I am still sore about that. Some parts of that movie are so good. Give me a less rapey cut and it would be top ten.
It has Ernie Hudson (you can't go wrong with Ernie Hudson), that dude from The Warriors ("come out and play-yay"), The Candyman, the photojournalist from Nope, a Coen Brothers regular, an actress from True Romance, Bad Boys, Unforgiven, Wall Street and Fatal Attraction. And Oh my god that's horrible, how didn't I know that Brandon's fiancée worked on the movie?? And apparently she agrees with you.
"Twenty eight years ago, I was shattered by the shock and grief of losing the love of my life, Brandon Lee, so senselessly. My heart aches again now for Halyna Hutchins' husband and son, and for all those left in the wake of this avoidable tragedy," Hutton tells PEOPLE.

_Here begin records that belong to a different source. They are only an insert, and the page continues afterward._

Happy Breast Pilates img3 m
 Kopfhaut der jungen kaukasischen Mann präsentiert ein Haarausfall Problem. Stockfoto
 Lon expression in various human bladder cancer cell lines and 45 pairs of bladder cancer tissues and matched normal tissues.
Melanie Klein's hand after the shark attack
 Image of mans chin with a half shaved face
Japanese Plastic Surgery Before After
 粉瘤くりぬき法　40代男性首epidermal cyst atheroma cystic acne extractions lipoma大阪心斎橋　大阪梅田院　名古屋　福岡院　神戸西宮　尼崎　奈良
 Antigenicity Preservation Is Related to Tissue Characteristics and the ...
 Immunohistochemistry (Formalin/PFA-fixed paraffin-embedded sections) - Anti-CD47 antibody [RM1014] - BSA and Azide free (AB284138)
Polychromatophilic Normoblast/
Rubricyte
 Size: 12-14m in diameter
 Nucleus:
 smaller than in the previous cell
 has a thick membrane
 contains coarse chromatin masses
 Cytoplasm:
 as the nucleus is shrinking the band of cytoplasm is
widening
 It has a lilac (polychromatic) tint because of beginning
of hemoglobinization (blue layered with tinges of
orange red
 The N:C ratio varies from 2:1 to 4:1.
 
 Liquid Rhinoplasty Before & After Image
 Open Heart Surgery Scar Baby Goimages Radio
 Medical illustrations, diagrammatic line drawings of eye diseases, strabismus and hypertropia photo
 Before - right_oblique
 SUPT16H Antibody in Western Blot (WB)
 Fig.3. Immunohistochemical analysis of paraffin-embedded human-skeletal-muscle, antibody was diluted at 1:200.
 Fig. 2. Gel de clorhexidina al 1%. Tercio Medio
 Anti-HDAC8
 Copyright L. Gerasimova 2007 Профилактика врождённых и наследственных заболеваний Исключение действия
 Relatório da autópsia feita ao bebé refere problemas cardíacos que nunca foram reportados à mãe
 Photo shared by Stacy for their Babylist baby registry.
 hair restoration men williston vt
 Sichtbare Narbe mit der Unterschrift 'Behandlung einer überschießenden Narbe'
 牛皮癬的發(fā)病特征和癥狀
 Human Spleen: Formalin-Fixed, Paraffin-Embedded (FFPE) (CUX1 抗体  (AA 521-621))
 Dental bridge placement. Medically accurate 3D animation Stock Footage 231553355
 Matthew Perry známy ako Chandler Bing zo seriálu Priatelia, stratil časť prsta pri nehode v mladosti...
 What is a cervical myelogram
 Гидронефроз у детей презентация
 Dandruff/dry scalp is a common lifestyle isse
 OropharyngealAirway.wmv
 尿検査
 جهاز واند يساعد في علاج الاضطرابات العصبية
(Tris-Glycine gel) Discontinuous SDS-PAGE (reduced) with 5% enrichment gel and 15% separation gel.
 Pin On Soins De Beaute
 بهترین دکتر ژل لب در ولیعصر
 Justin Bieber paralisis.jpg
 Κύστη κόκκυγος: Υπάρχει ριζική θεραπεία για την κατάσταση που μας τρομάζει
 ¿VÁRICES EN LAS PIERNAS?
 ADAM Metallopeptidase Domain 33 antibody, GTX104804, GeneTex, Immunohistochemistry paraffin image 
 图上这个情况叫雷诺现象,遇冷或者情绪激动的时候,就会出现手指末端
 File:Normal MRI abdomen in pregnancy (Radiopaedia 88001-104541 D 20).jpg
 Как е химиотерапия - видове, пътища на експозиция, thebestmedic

> The value of a human life seemed to drop pretty low during the Depression, but it wasn’t that great before then either.
Very true. Every 10 stories of building height had an expected death rate attached to it. Same for every extra 100ft span of bridge.
When the Brooklyn Bridge was built and workers were being crippled or killed by the bends down in the caissons... the solution was already known from research over a decade before. But we're not gonna pay people to not work (decompression time) so they just let people get hurt.
None of those things were considered very newsworthy or a significant problem to be prevented.
A criminal of the most terrible kind. They should have locked him up and threw away the key. They should have confiscated the car and locked that up too to keep some other potential daredevil from driving that murderous machine. I bet it didn't even have seat belts.
A number of people attempted to achieve speed records on beaches, and not all survived. And this wasn't Ocean City, Maryland, in a modern July. The local authorities would have had something to say if anyone, even a millionaire (when a million was a lot) had tried this on an occupied stretch of beach.
"As the Steamer started its run, it was silent except for a low, soft whistle. This rose to a faint whine, and a jetlike white stream flowed from the tail of the car. Soon the head of the driver could hardly be seen in the blur of speed. The car passed the 100 m.p.h. mark and surged up to 197 m.p.h. As it was about to touch 200 m.p.h., however, the racer hit a slight bump on the beach. The light car took off like a wingless glider, soared for about 100 feet at a height of 10 feet, then crashed to the cement-hard sand in an explosion of steam and flames. The driver was flung clear, badly injured but not dead."[1]